=== Begin Enclosure ===

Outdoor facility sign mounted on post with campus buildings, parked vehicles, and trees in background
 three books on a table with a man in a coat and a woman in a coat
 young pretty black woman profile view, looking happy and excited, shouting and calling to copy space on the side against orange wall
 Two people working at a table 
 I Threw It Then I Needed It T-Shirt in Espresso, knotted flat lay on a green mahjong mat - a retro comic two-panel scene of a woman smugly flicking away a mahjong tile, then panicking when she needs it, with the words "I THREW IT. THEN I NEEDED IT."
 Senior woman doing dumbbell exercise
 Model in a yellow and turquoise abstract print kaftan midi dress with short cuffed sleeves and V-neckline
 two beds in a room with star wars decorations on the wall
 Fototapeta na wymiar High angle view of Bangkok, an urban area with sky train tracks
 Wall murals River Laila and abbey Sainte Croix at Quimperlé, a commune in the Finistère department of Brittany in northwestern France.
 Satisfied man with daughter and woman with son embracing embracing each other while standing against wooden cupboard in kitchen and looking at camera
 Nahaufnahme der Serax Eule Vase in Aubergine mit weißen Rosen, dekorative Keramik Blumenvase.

=== End Enclosure ===

▸ The task:
Would you copy out exactly the lines from the one holding "Wall murals River" through the end of the entries above, both ends included?

▸ Response to this task:
 Wall murals River Laila and abbey Sainte Croix at Quimperlé, a commune in the Finistère department of Brittany in northwestern France.
 Satisfied man with daughter and woman with son embracing embracing each other while standing against wooden cupboard in kitchen and looking at camera
 Nahaufnahme der Serax Eule Vase in Aubergine mit weißen Rosen, dekorative Keramik Blumenvase.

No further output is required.